There will be 5,500 bikes at 293 stations in Manhattan and Brooklyn, according to the Department of Transportation.
Initially there were going to be 7,000 bikes and 420 pickup and drop-off stations, but flooding at the program's Brooklyn Navy Yard facility, where about two-thirds of the equipment was stored, harmed some electrical components, the DOT said. Some bikes and hardware stored there were not damaged or can be restored or replaced, officials said.
“DOT has worked around the clock to restore vital transportation links following the storm and that includes putting Citi Bike on the road to recovery,” DOT Commissioner Janette Sadik-Khan said in a statement Friday. “Despite the damage, New York will have the nation’s largest bike share system up and running this spring.”
The DOT hopes to bring the system up to 7,000 bikes by the end of the year, extending the service into Long Island City, Queens. The agency added that the city is still committed to eventually expanding the number of bikes to 10,000.
The delay will not affect the $41 million in private funding from Citibank for the program, the DOT added.
Transportation Alternatives, which advocates for increased and improved public transportation in the city, said the delay was understandable.

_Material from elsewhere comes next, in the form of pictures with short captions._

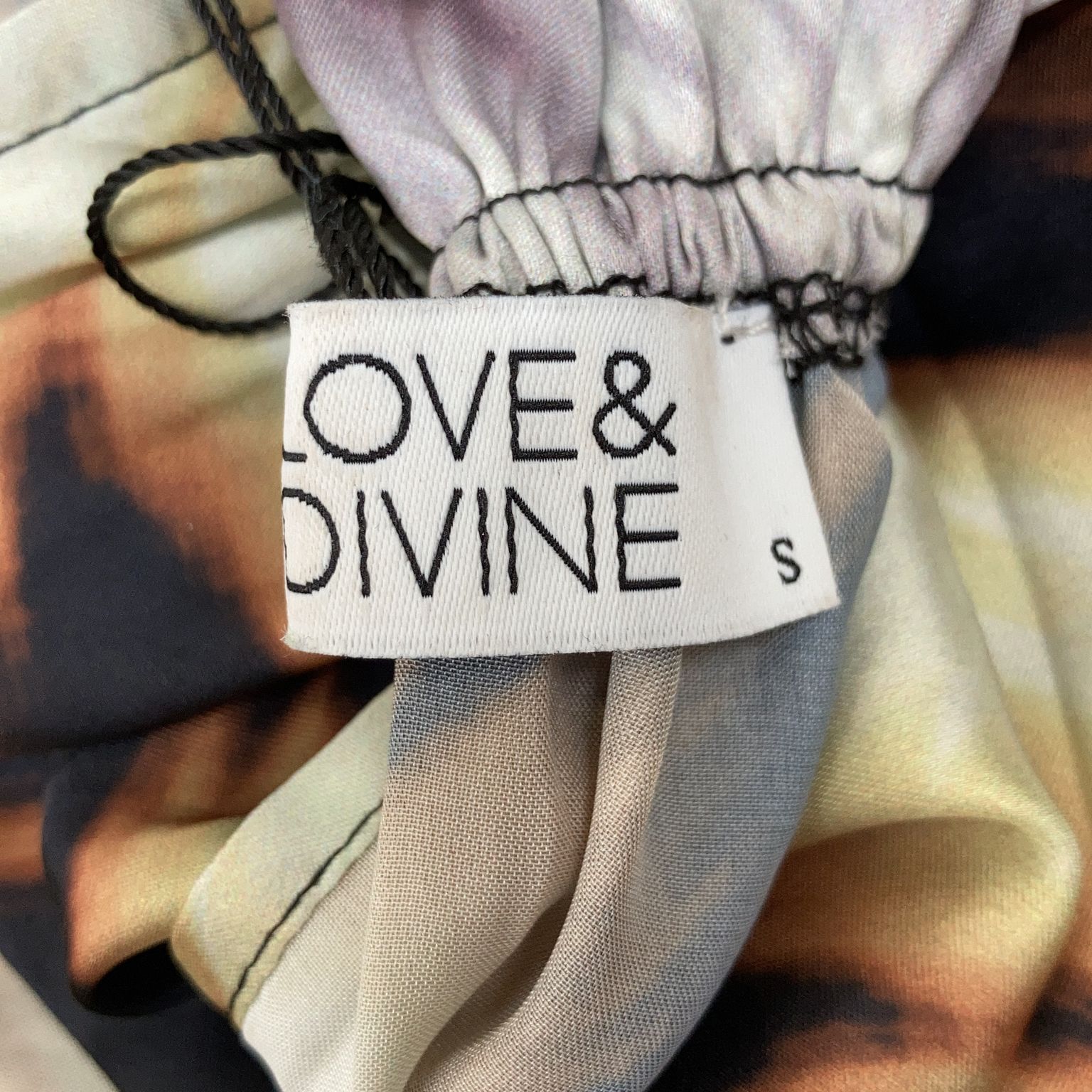 Love  Divine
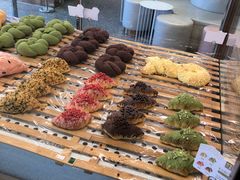 -奈雪的茶(中粮祥云小镇店)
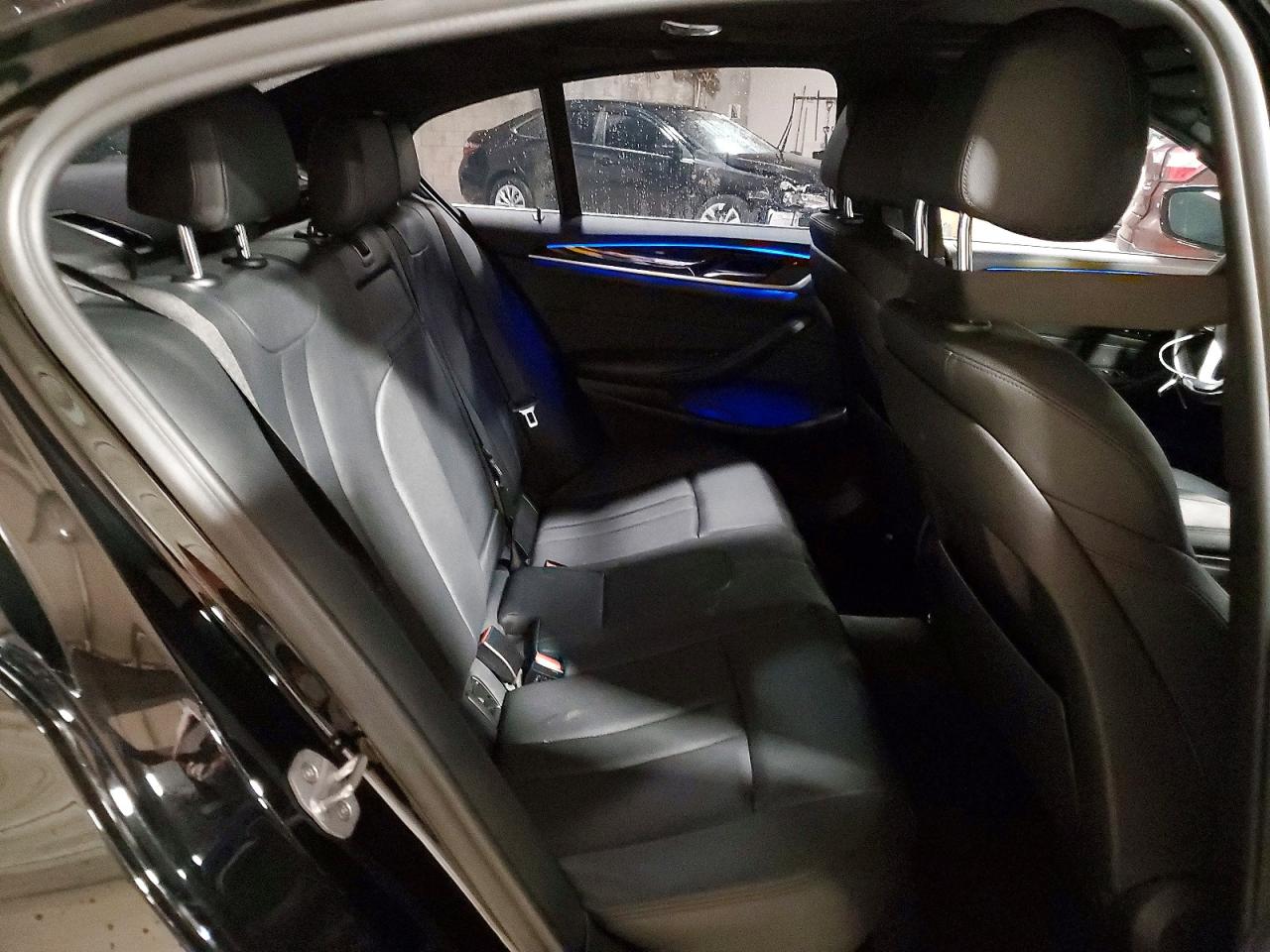 2018 BMW 530E photo 28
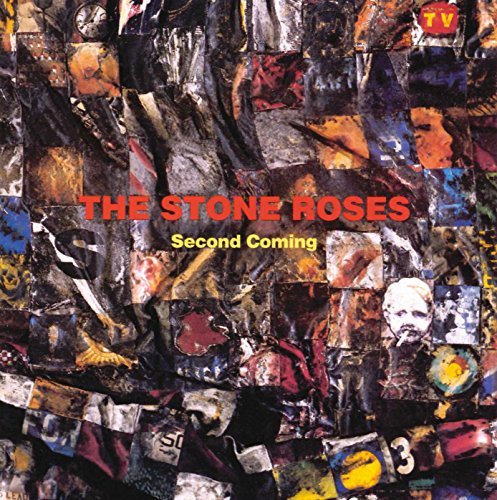 Stone Roses - Second Coming - Vinyl Record image 1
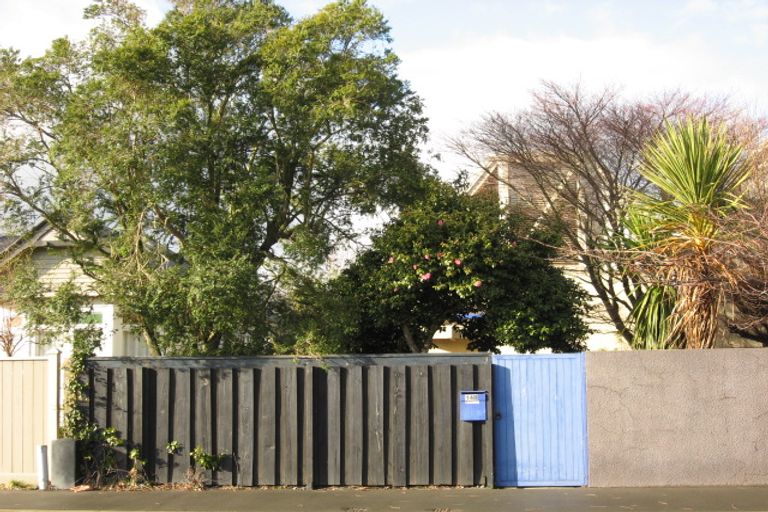 Photo of property in 148 Innes Road, St Albans, Christchurch, 8052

“New Yorkers are eager for this new transportation choice but we all know the damage Hurricane Sandy wrought on our city," Transportation Alternatives Executive Director Paul Steely White said in a statement.
"Every day, a new cost is added to the toll of destruction, and the damage to the bike share equipment is merely the latest. We’re thankful the storm spared so much of the equipment and grateful to see the program will still launch in the spring.”